WHAT YOU ARE ASKED TO DO>
Reproduce the records that follow in full, excluding any picture they contain.

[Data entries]
════
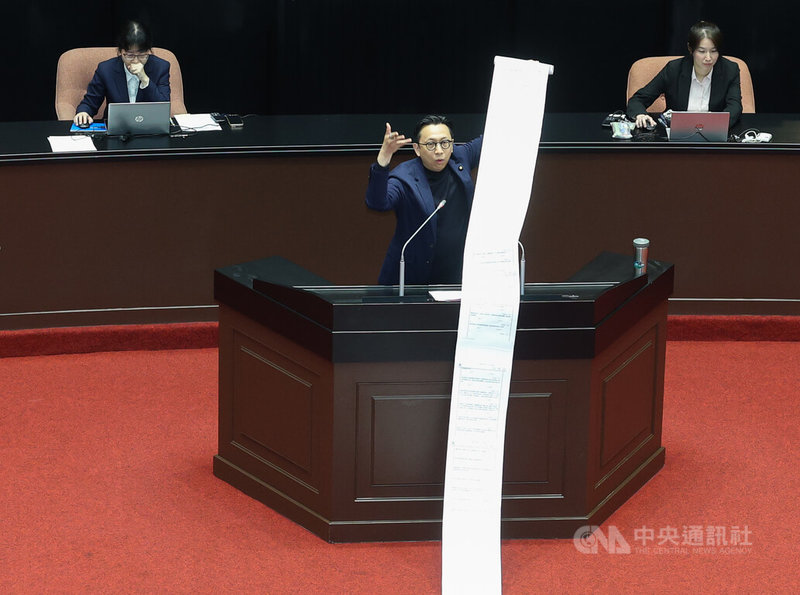 立法院全院委員會14日審查總統賴清德彈劾案，由各黨團推派委員發言。國民黨立委葛如鈞（中）上台時批評賴總統多項政見跳票，並把印有賴總統政見的一疊紙丟在地上。中央社記者謝佳璋攝  115年5月14日
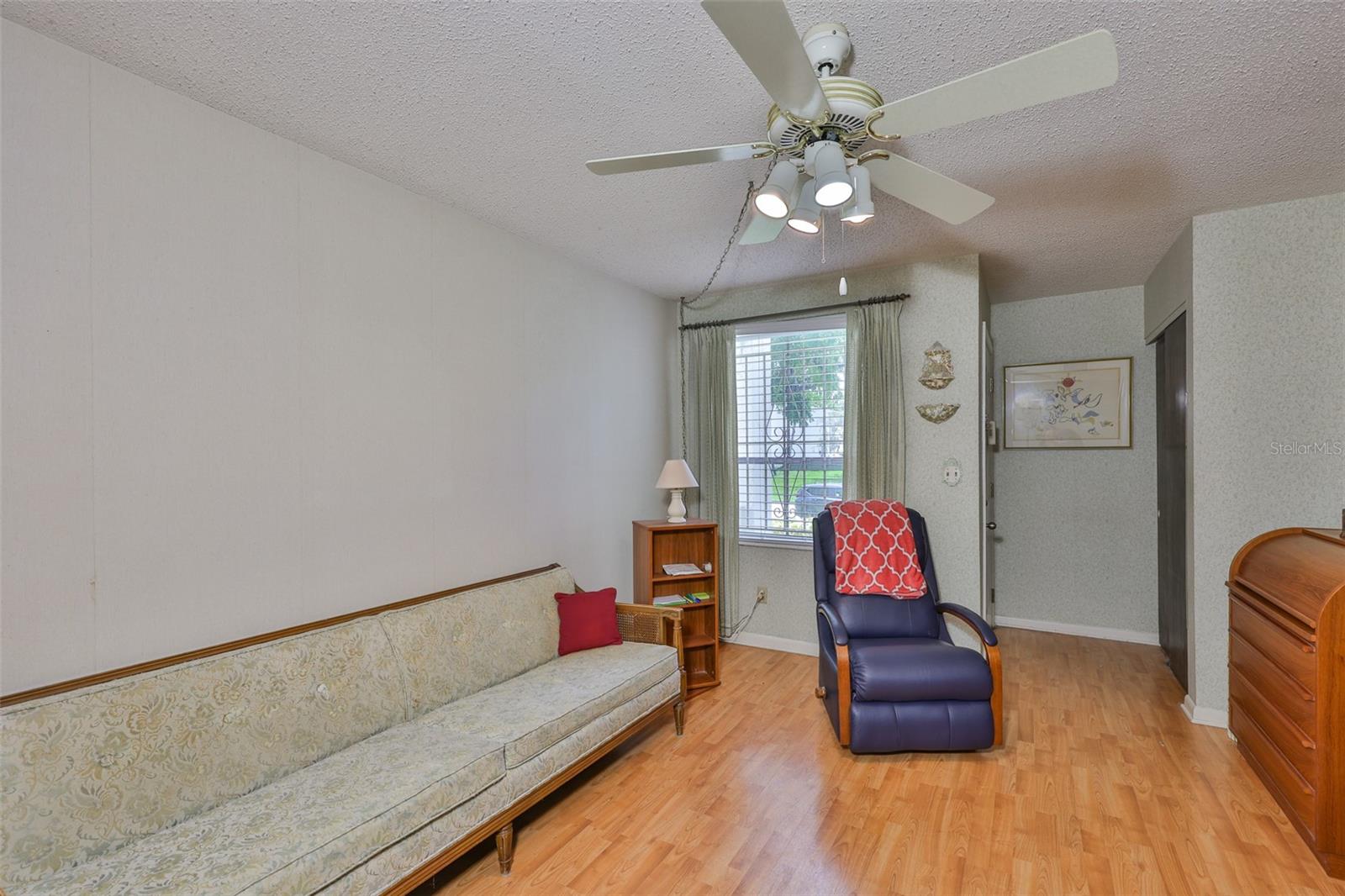 4513 W LA VILLA LN, TAMPA, FL, 33611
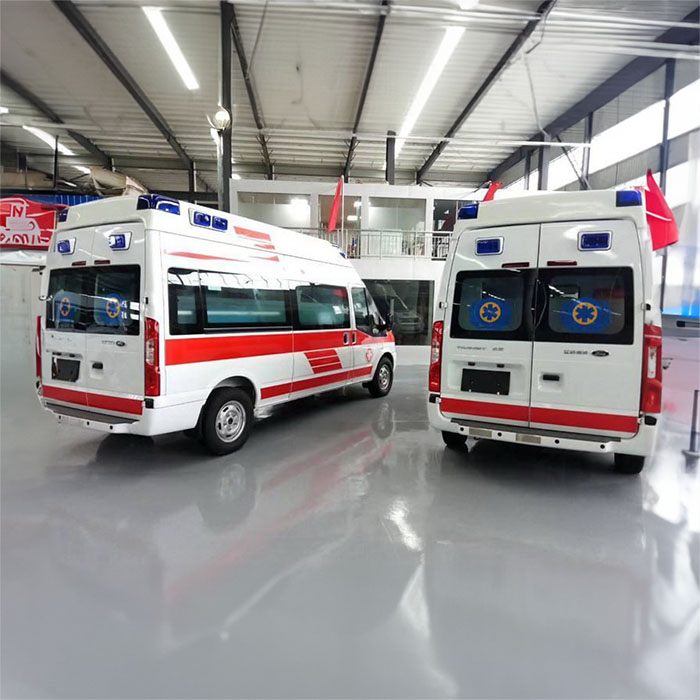 西宁出租急救车电话号码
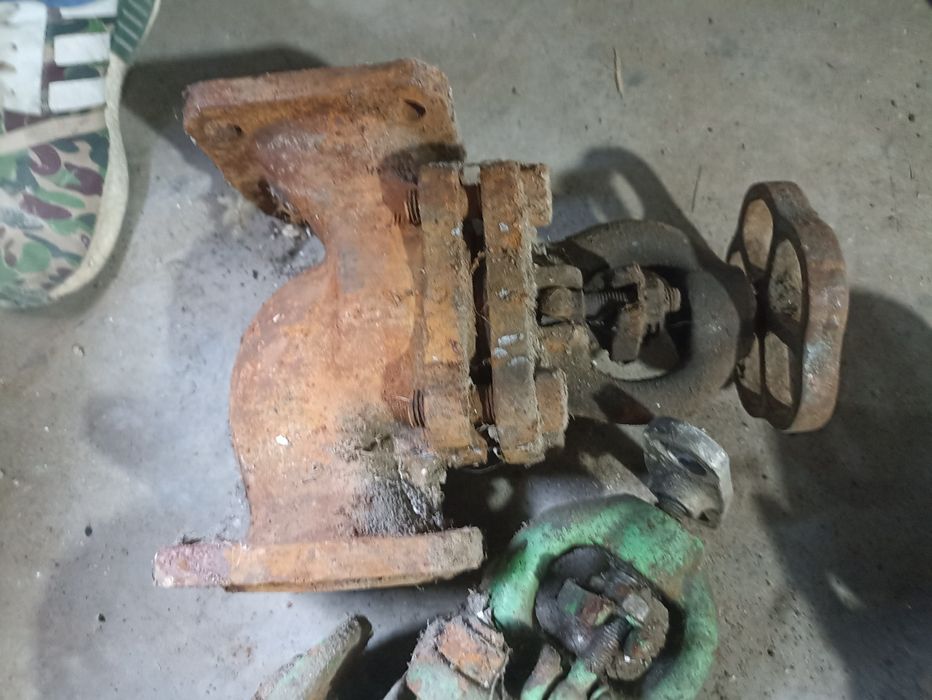 Задвижки б.у и новые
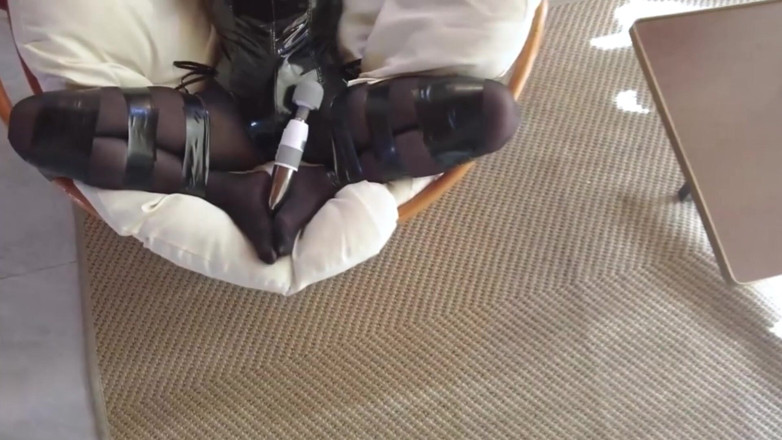 Aisan girl bondage: Mz16 - una chica china con medias negras y un traje...
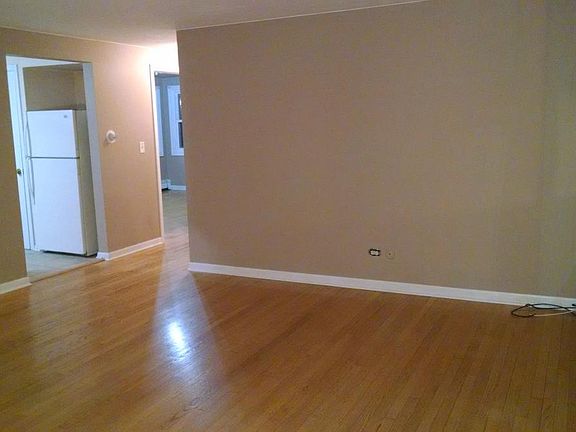 4th image of 5204 N Oakview Avenue # Second Floor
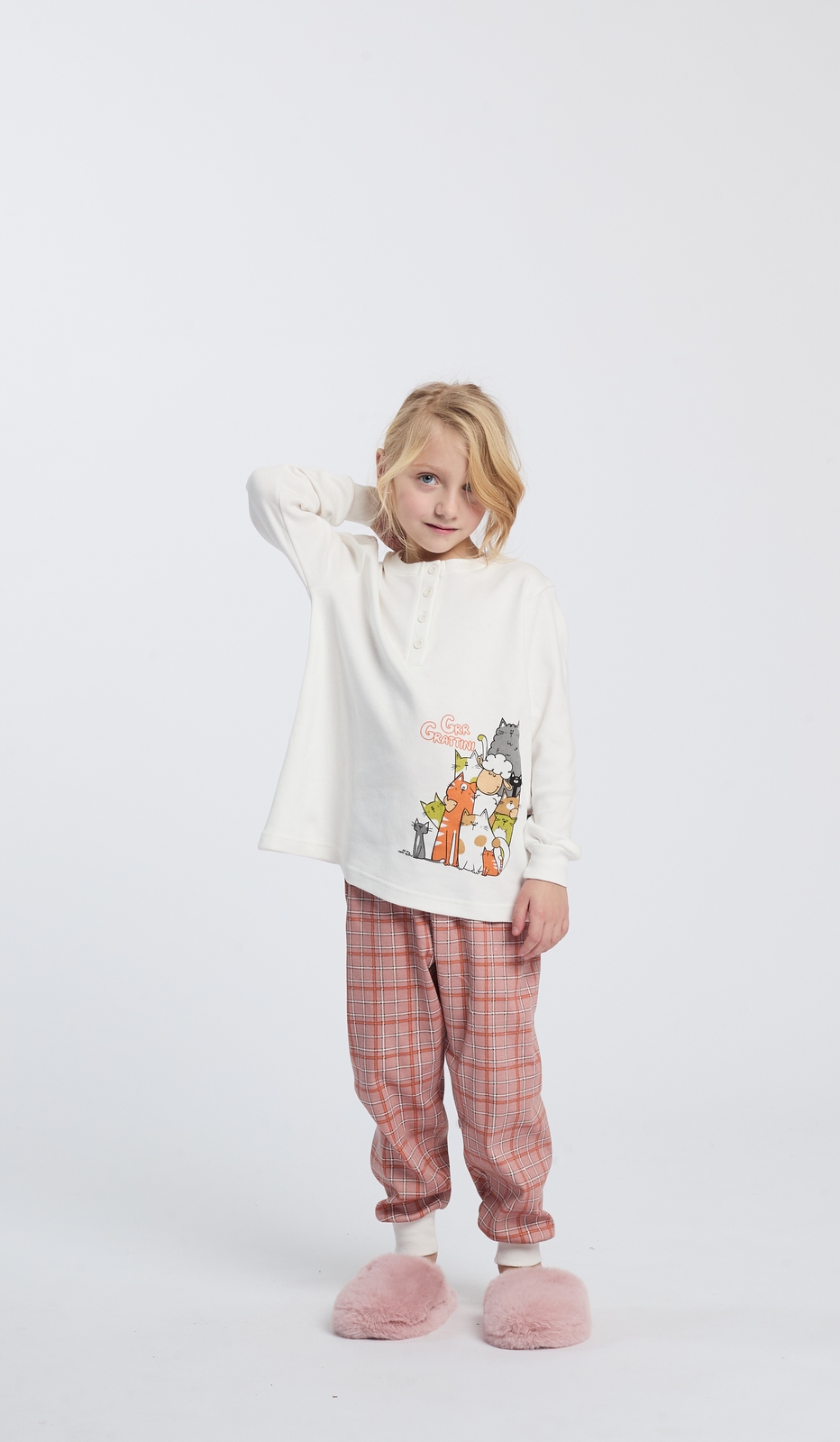 Pigiama serafino per bambina con graziosi grattini per serate di sogni e comfort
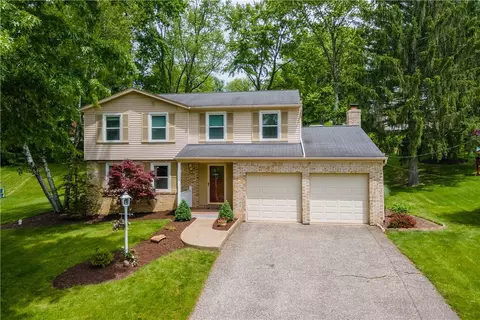 291 Casa Dr, Pittsburgh, PA 15241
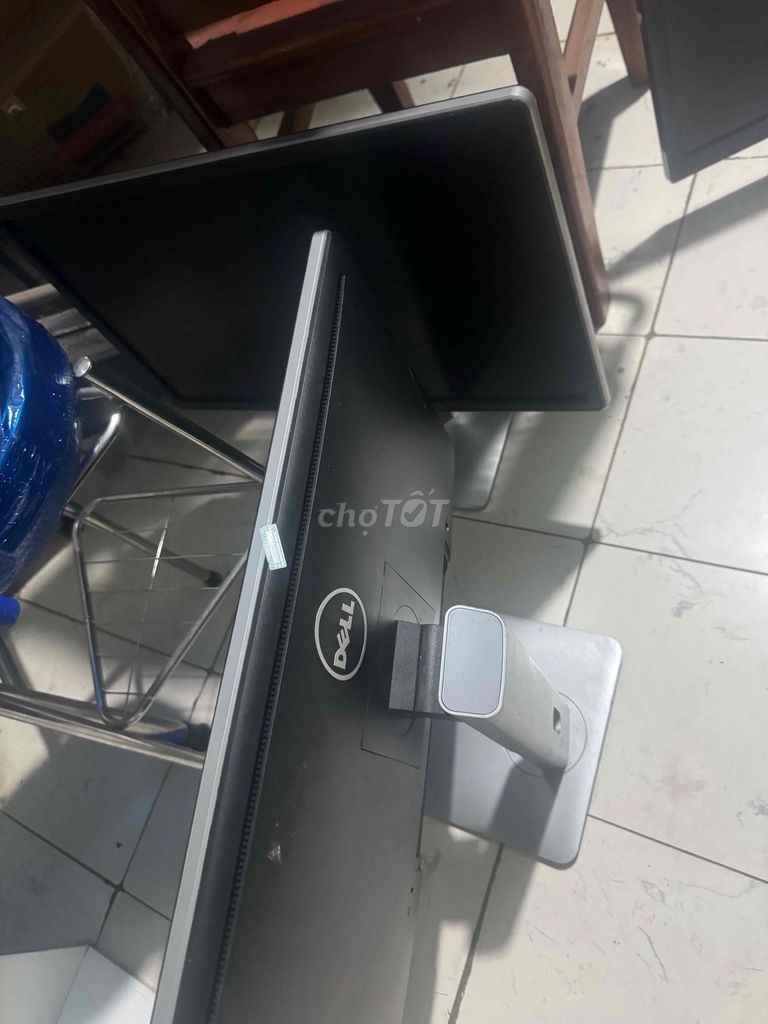Dell 24 inch 60Hz chân xoay. Mua bán Phụ kiện (Màn hình, Chuột...) tại Thị xã Tân Uyên Bình Dương được đăng bởi Đoàn Duy Khánh hình 1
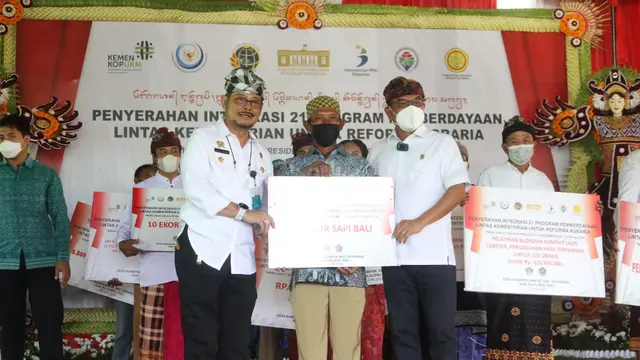 Penyerahan Integrasi Program Pemberdayaan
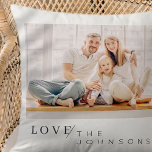 Moderne minimalistische grafische liefdesfamilie - kussen<br><div class="desc">Het ontwerp bestaat uit een leuke en speelse typografie met een sans serif- en serif-lettertype. Voeg een douanefoto toe.</div>
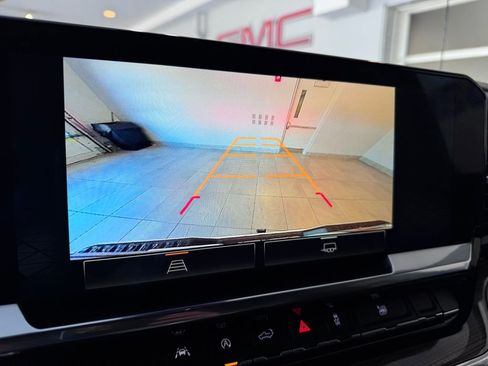 Certified 2024 GMC Sierra 1500 Elevation image 21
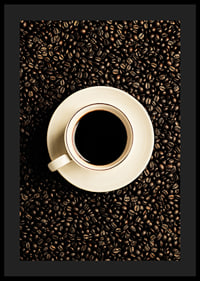 En perfekt vit kopp omgiven av mörka kaffebönor.-4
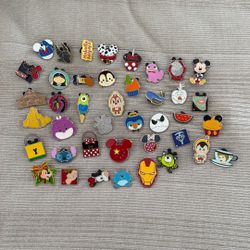 Disney Pins 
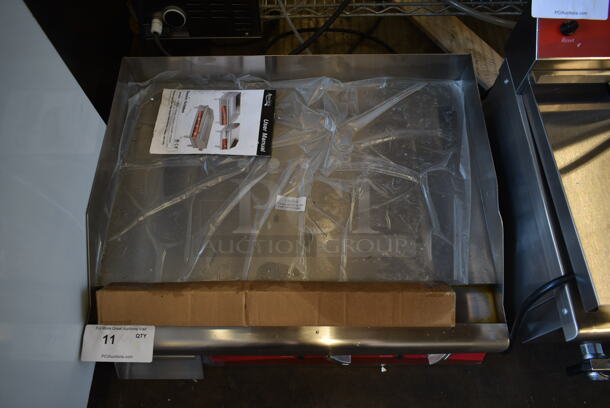 BRAND NEW SCRATCH AND DENT! Avantco 177EG24N Stainless Steel Commercial Countertop Electric Powered Flat Top Griddle. 208/240 Volts, 1 Phase.  - Image 2 of 4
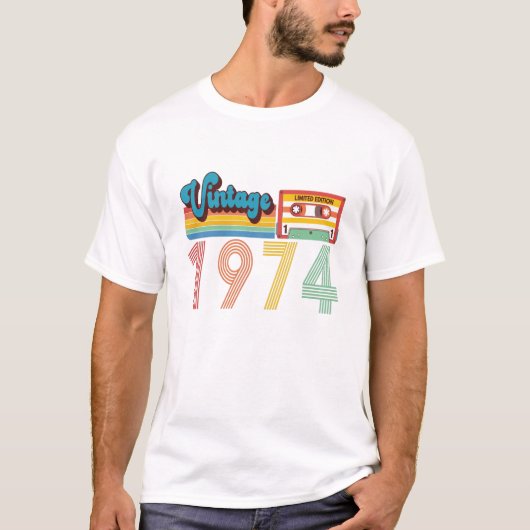 47番目の誕生日ヴィンテージレトロ1974カセットテープ Tシャツ (正面)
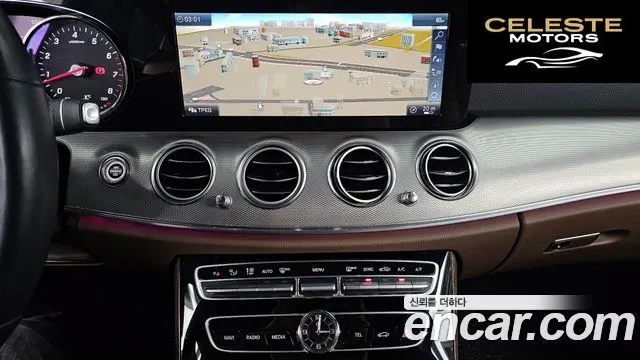 MERCEDES BENZ E-Classe W213 E300 Avantgarde 2019 — photo 20 sur 30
════
TASK OUTPUT>
 立法院全院委員會14日審查總統賴清德彈劾案，由各黨團推派委員發言。國民黨立委葛如鈞（中）上台時批評賴總統多項政見跳票，並把印有賴總統政見的一疊紙丟在地上。中央社記者謝佳璋攝  115年5月14日
 4513 W LA VILLA LN, TAMPA, FL, 33611
 西宁出租急救车电话号码
 Задвижки б.у и новые
 Aisan girl bondage: Mz16 - una chica china con medias negras y un traje...
 4th image of 5204 N Oakview Avenue # Second Floor
 Pigiama serafino per bambina con graziosi grattini per serate di sogni e comfort
 291 Casa Dr, Pittsburgh, PA 15241
Dell 24 inch 60Hz chân xoay. Mua bán Phụ kiện (Màn hình, Chuột...) tại Thị xã Tân Uyên Bình Dương được đăng bởi Đoàn Duy Khánh hình 1
 Penyerahan Integrasi Program Pemberdayaan
 Moderne minimalistische grafische liefdesfamilie - kussen<br><div class="desc">Het ontwerp bestaat uit een leuke en speelse typografie met een sans serif- en serif-lettertype. Voeg een douanefoto toe.</div>
 Certified 2024 GMC Sierra 1500 Elevation image 21
 En perfekt vit kopp omgiven av mörka kaffebönor.-4
 Disney Pins 
 BRAND NEW SCRATCH AND DENT! Avantco 177EG24N Stainless Steel Commercial Countertop Electric Powered Flat Top Griddle. 208/240 Volts, 1 Phase.  - Image 2 of 4
 47番目の誕生日ヴィンテージレトロ1974カセットテープ Tシャツ (正面)
 MERCEDES BENZ E-Classe W213 E300 Avantgarde 2019 — photo 20 sur 30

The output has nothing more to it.